Martin met with Pope Francis on September 30, and came away saying he’d shared “the joys and hopes, and the griefs and anxieties, of LGBT Catholics and LGBT people worldwide” with Francis.
And as both LifeSiteNews and The Wanderer have reported, Martin met the next day with Cardinal Giuseppe Versaldi and Fr. Friedrich Bechina, respectively the prefect and undersecretary of the Congregation for Catholic Education, the group considering Brebeuf’s appeal. “I was happy to bring LGBT voices to this warm meeting and very grateful for their openness to dialogue,” said Martin of this latter meeting.
Last February, the same congregation issued Male and Female He Created Them, a criticism of modern “gender theory” and its perverse manifestations in educational settings. The document touched also on marriage, saying that gender activism “has led to calls for public recognition of the right to choose one’s gender, and of a plurality of new types of unions, in direct contradiction of the model of marriage as being between one man and one woman, which is portrayed as a vestige of patriarchal societies.”
It notes further that if students listen to teachers, “it is because they are witnesses” not just of words but of attitudes and behaviors.
Martin apparently took issue with the Male and Female document. Published reports do not indicate whether Brebeuf Prep was also specifically part of Martin’s Vatican conversations, but that additional discussion probably occurred. A week earlier, Fr. Verbryke, Brebeuf’s president, had reported learning “that the Congregation for Catholic Education has decided to suspend the archbishop’s decree on an interim basis, pending its final resolution” of Brebeuf’s appeal.
Both Verbryke and Archbishop Thompson’s office noted that such temporary suspensions are common, and do not indicate the tenor of a final decision.
But there is certainly reason to be concerned with the direction which the Congregation for Catholic Education may take now. Pope Francis appointed Chicago’s Cardinal Blase Cupich to the group in 2017, and added Newark, New Jersey’s Cardinal Joseph Tobin in June of this year.
Cupich and Tobin have both been sympathetic to homosexualist politics.
And LifeSiteNews reported in 2018 that Tobin had temporarily housed Francesco Castiglione, a young Italian “beefcake” actor, at his residence.
Tobin also “tweeted” a late-night message to an unidentified recipient, saying “Nighty-Night Baby, I love you.” Some of Newark’s faithful believe the “tweet” was intended for the Italian actor. Apprised of the message’s unintended public visibility, Tobin deleted it and claimed it was meant for one of his sisters.

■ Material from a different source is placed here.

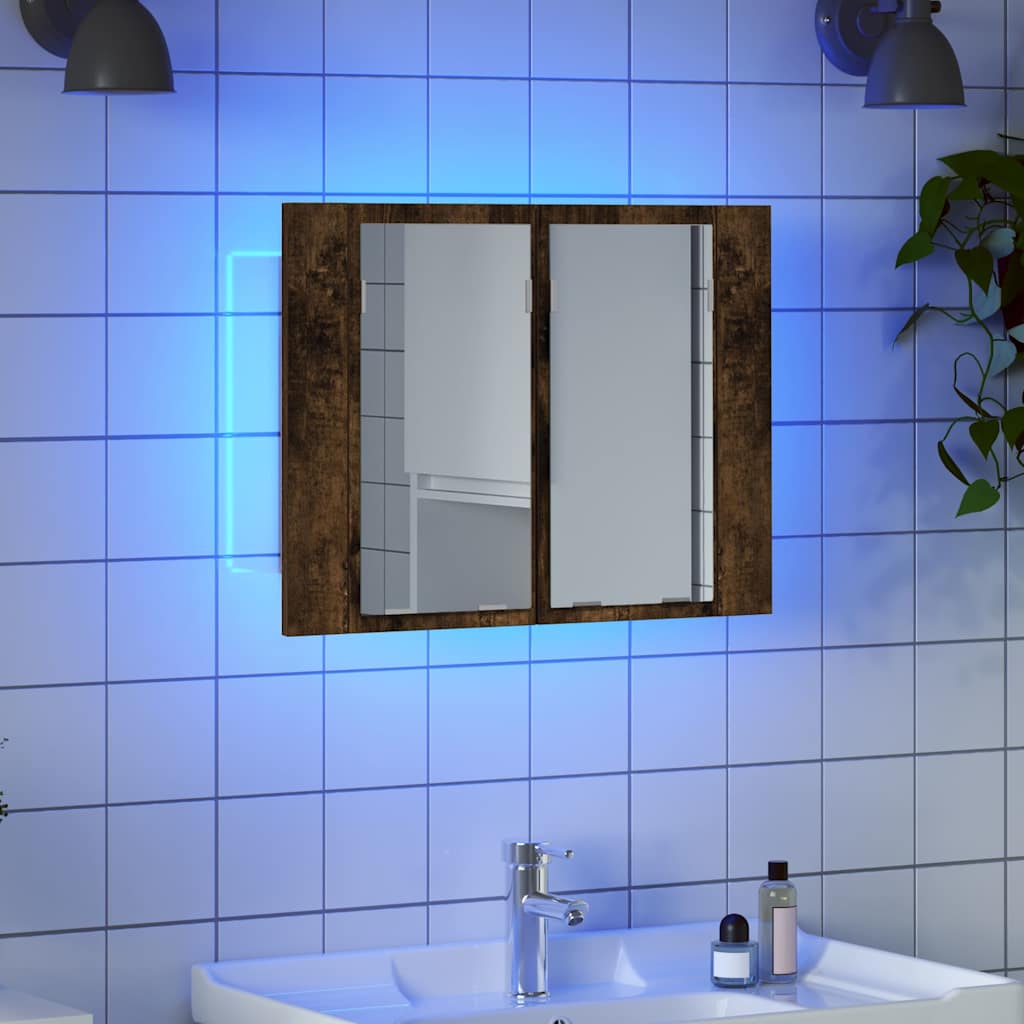 vidaXL LED Mirror Cabinet Smoked Oak 60x12x45 cm Engineered Wood 3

Meanwhile, Brebeuf Prep is already doubling down. School administrators have promoted Layton Payne-Elliott from assistant track coach to boys’ head track and field coach.

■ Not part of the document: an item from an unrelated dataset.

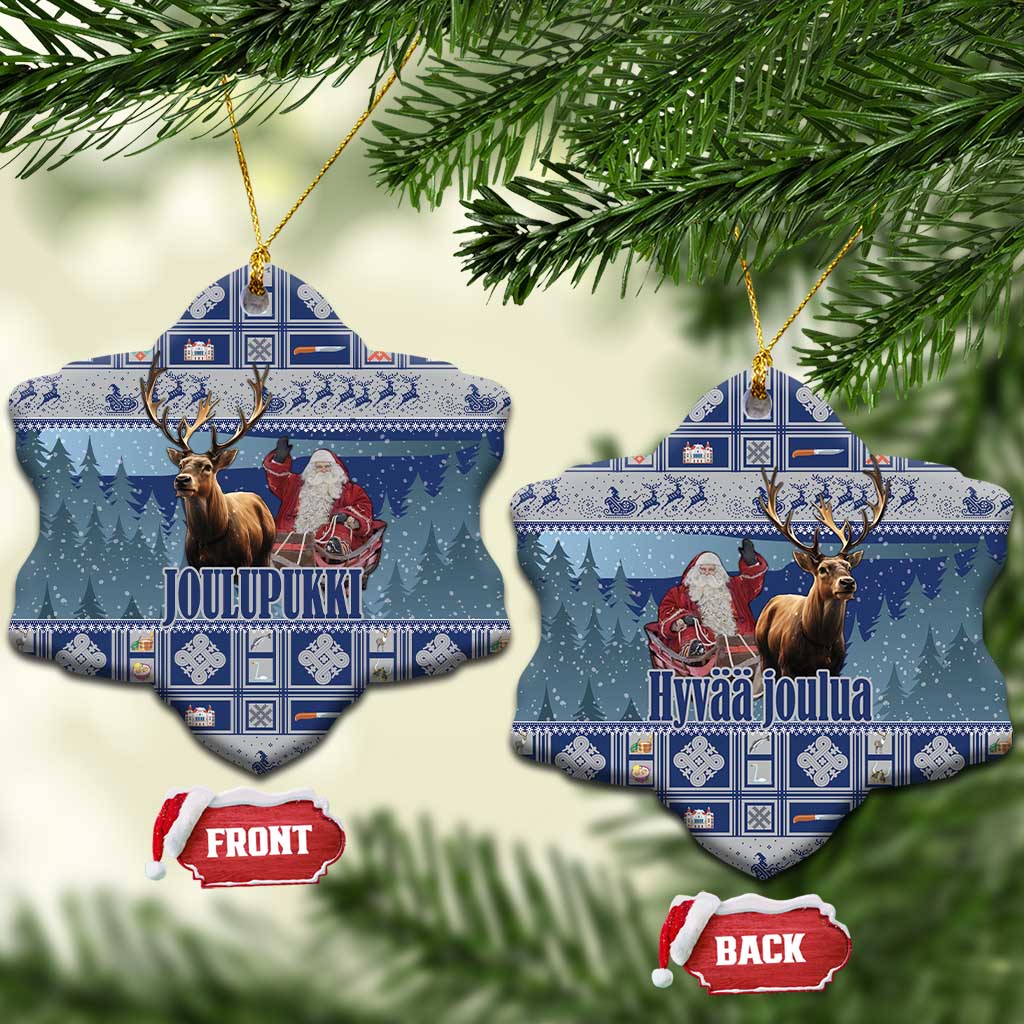 Finland Joulupukki Christmas Ceramic Ornament Mythology Hannunvaakuna - Wonder Print Shop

“He also helps to moderate the Brebeuf Jesuit Gender-Sexuality Alliance,” said the school’s Athletic-Department announcement.
One wonders: what is such an organization doing in an ostensibly Catholic high school? Oh, wait; . . . it’s a Jesuit Catholic high school.
And quite justifiably, Archbishop Thompson says the place needs to drop the term “Catholic” altogether from its self-descriptive material.

1 comment:

  1. Anonymous10/27/2019

    Ask the pope to disband Jesuits.